Optimization

rqequilibrium.opt

ProjectedGradientDescent

A class for performing projected gradient descent to solve optimization problems.

Attributes:

Name	Type	Description
`lr`	`float`	Learning rate for the gradient descent step.
`projection`	`Callable`	Function to project the point onto a feasible set after each step.

Methods:

Name	Description
`step`	np.ndarray, gradients_values: np.ndarray) -> np.ndarray: Performs a single step of projected gradient descent. Updates the current point `w` by subtracting the scaled gradients and projecting it onto the feasible set.

Source code in src/rqequilibrium/opt.py

class ProjectedGradientDescent:
    """
    A class for performing projected gradient descent to solve optimization problems.

    Attributes:
        lr (float): Learning rate for the gradient descent step.
        projection (Callable): Function to project the point onto a feasible set after each step.

    Methods:
        step(w: np.ndarray, gradients_values: np.ndarray) -> np.ndarray:
            Performs a single step of projected gradient descent.
            Updates the current point `w` by subtracting the scaled gradients and projecting it onto the feasible set.
    """

    def __init__(
        self,
        lr: float = 0.1,
        projection=lambda x: x,
    ):

        self.lr = lr
        self.projection = projection

    def step(self, w: np.ndarray, gradients_values: np.ndarray) -> np.ndarray:
        """
        Perform a single step of projected gradient descent.

        Parameters:
            w (np.ndarray): The current point.
            gradients_values (np.ndarray): The computed gradients at the current point.
        Returns:
            The updated point after one step.
        """

        w -= self.lr * gradients_values
        return self.projection(np.clip(w, 1e-12, 1 - 1e-12))

step

step(w: ndarray, gradients_values: ndarray) -> np.ndarray

Perform a single step of projected gradient descent.

Parameters:

Name	Type	Description	Default
`w`	`ndarray`	The current point.	required
`gradients_values`	`ndarray`	The computed gradients at the current point.	required

Returns: The updated point after one step.
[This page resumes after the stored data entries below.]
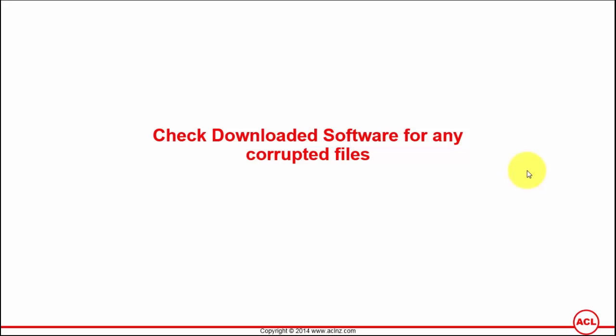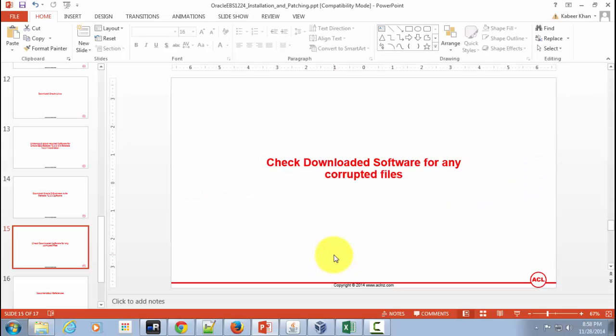The second method is you can use unzip utility to check the downloaded software file from your Linux terminal. The second method I'm going to show you after we have installed Oracle Linux. So let's park that. The first method we can try it straight away by double clicking the downloaded zip files.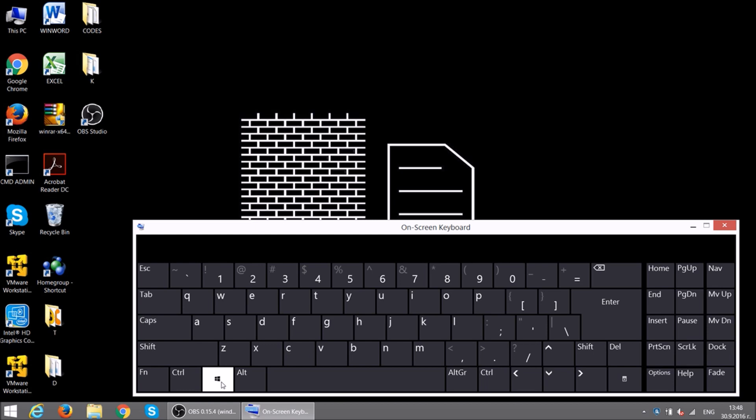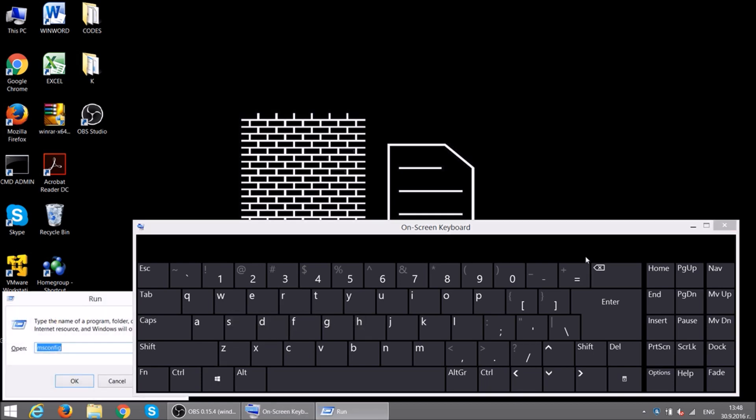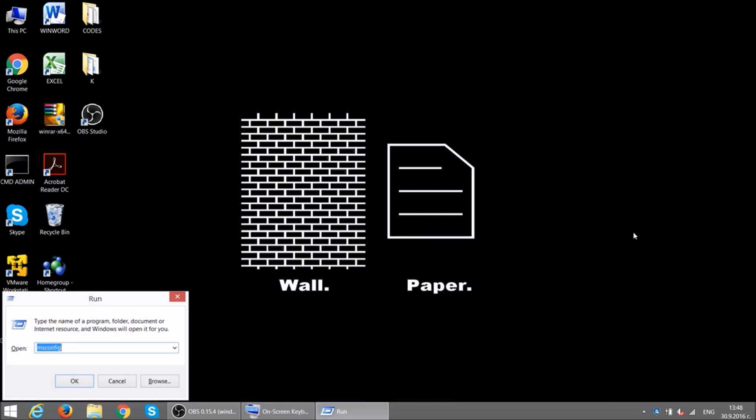Press and hold the Windows button, then press R. In the field, type MSConfig.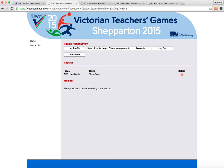Now, if I want any of my colleagues at Victorian Teachers Games or School Sport Victoria to enter that event, then I send them that code.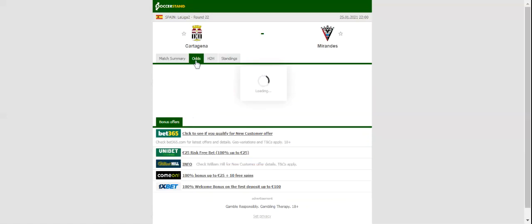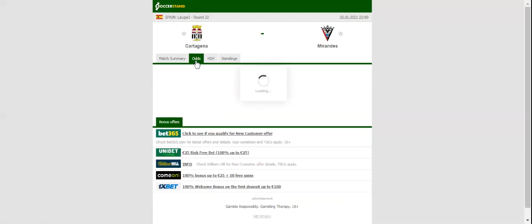Cartagena are having a season to forget with the team sitting in the relegation zone ahead of the visit of Mirandes. The black and white suffered three defeats in the previous four league fixtures, meaning that home win should not be considered.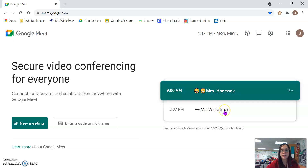I will see you in there tomorrow morning. Please let me know if you have any questions. Thank you.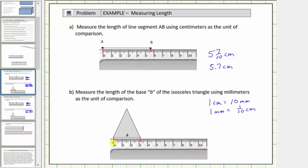Each centimeter is equal to ten millimeters. So we have ten, twenty, thirty, thirty-one, thirty-two millimeters as the length of base B.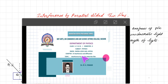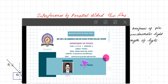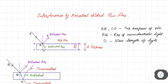Hello friends. Today we are going to discuss the topic of Interference by Parallel-Sided Thin Films. Along with that, we are going to see interference due to reflected light as well as interference due to transmitted light. So these are the topics related to interference that we are going to see today.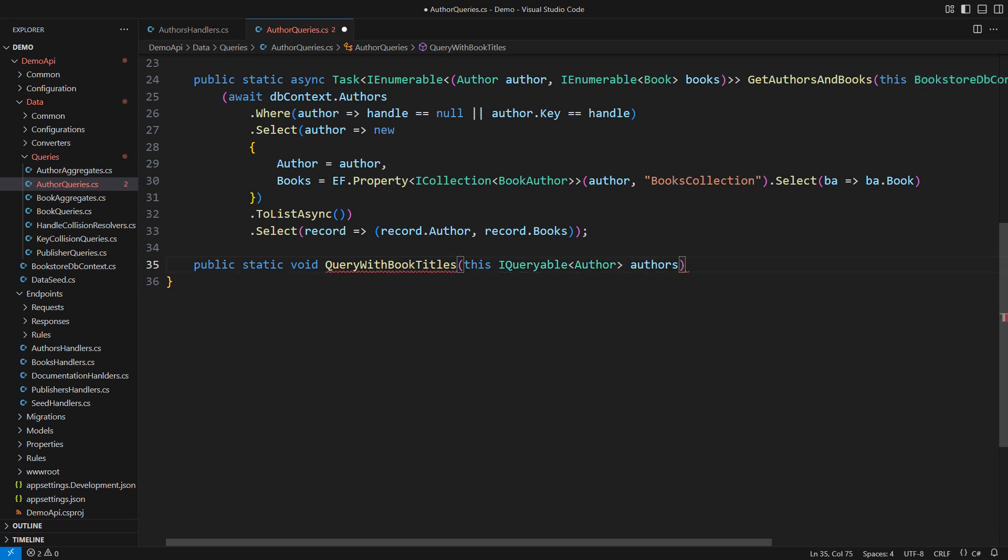such as an IQueryable of authors. That lets us return the modified query so the caller can continue building on it. We shall see the IQueryable of what it will be. Then we start.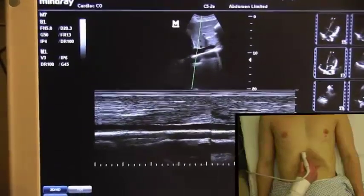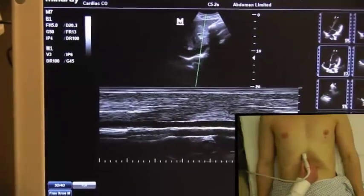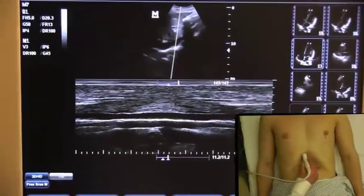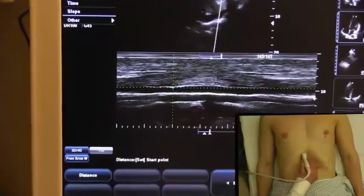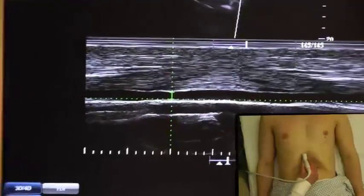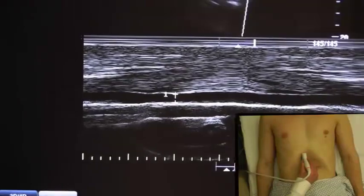M-mode will then allow me to measure the change in respiratory variation of the IVC. If the patient is breathing spontaneously, I can either wait for them to take a breath normally, or I can ask them to sniff in with a forced inspiration.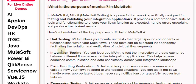Unit Testing: MUnit allows you to write unit tests that target specific components or functionalities within your Mule flows. These tests can be executed independently, facilitating the isolation and verification of individual flow segments.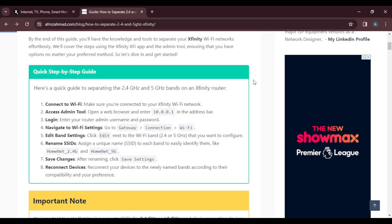Right there, you will edit the band settings. How do you do that? Click Edit next to the Wi-Fi band—either 2.4 or 5GHz, whichever one you want to configure. Once you do that, you're going to rename the SSIDs.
Source code in src/rqequilibrium/opt.py

def step(self, w: np.ndarray, gradients_values: np.ndarray) -> np.ndarray:
    """
    Perform a single step of projected gradient descent.

    Parameters:
        w (np.ndarray): The current point.
        gradients_values (np.ndarray): The computed gradients at the current point.
    Returns:
        The updated point after one step.
    """

    w -= self.lr * gradients_values
    return self.projection(np.clip(w, 1e-12, 1 - 1e-12))

kl_divergence

kl_divergence(p: ndarray, q: ndarray) -> float

Compute the KL divergence between two probability distributions p and q.

Parameters:

Name	Type	Description	Default
`p`	`ndarray`	The first probability distribution.	required
`q`	`ndarray`	The second probability distribution.	required

Returns: The KL divergence between p and q.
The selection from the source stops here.